The orchestral and electronic realms rarely ‘Collide’ in the manner tyDi described to Tin when proposing a collaboration on that fateful day in Beverly Hills. He had “one song” that needed Tin’s expertise, and he had written it in the hope that Tin would come in and take it to the next level with a full-on orchestral integration. Little did Tin know that the Australian producer actually had 12 tracks just waiting for his influence. Despite his concerns that the composer would have no interest in collaborating with an electronic music producer, Tin, known for his love of cross-genre collaborations, jumped at the opportunity.

I have learned something really amazing about other people in different worlds, which is to never judge too quickly what they might think of us because I had this lunch with Chris….and the second we met he was like ‘dude I am so envious of your job…Man I’d really love to go on the road and do electronic music. That looks so much fun to just like dance.’ That’s kind of when I realized, wait a minute he respects electronic music.  – tyDi

The process of a producer taking instrumentals and fusing them into a digital wonderland has long been a point of contention within the music industry. The stigma of “pressing play,” and the rise of an era of artists who are not classically trained has led to criticism of the electronic music scene by everyone from composers to rock bands. While it would be easy to assume that composers like Tin would be the most judgmental towards electronic music of them all due to his classical training and extensive schooling, he touched upon how that expectation could be considered judgmental itself.

I think there may still be some snobbery in the classical world, but I think those barriers are eroding.
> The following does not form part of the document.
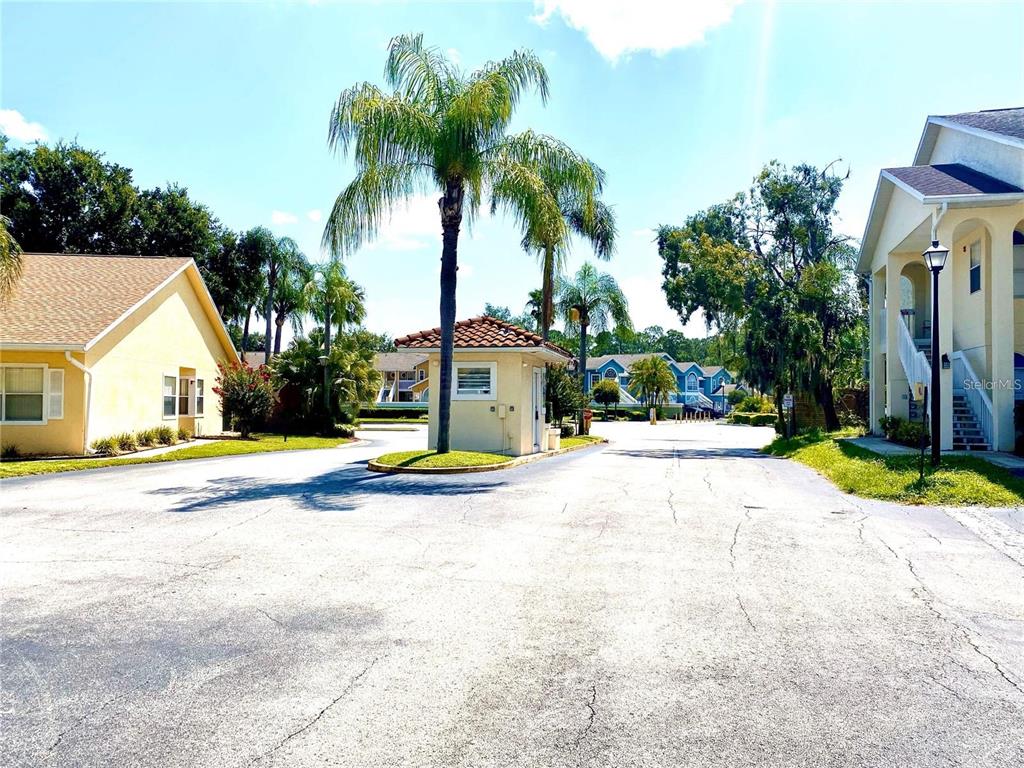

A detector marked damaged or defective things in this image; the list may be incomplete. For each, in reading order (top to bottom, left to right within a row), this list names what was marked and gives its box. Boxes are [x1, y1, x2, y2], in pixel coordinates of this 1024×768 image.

cracked pavement [2, 424, 1024, 764]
Yeah, maybe we studied orchestration through Rimsky-Korsakov and compositions through Schubert. But you know, we also went to raves in the 90s …  I’m not going to say what I did at those raves, but we had these same experiences as our contemporaries, and we are a lot more open minded to these interesting collaborations. – Tin

As Illingworth had hoped, one song together turned into three, five, and then into an entire album — the first of its kind to incorporate an orchestra into it from the very beginning. He would bring Tin a markup, which is a computer generation of the orchestral section, and the composer would then take the markup and transform it.

What Chris brought to the table is that he would listen to the mark ups and say, ‘I see what you are going for — let me blow your mind.’ -tyDi

He laughs when reflecting on their first few weeks working together, noting that despite his attempts to write orchestral portions of the song, Tin would have to bring his ideas back down to reality.

I remember distinctly there is this one track on the album called ‘Don’t Forget Us,’ and I had all of these trumpets going crazy, and Chris said to me ‘Tyson, you know the trumpet players are going to kill you.’ and I was like, ‘well, what do you mean?’ And he was like ‘They can’t play that. You know they need to breath.’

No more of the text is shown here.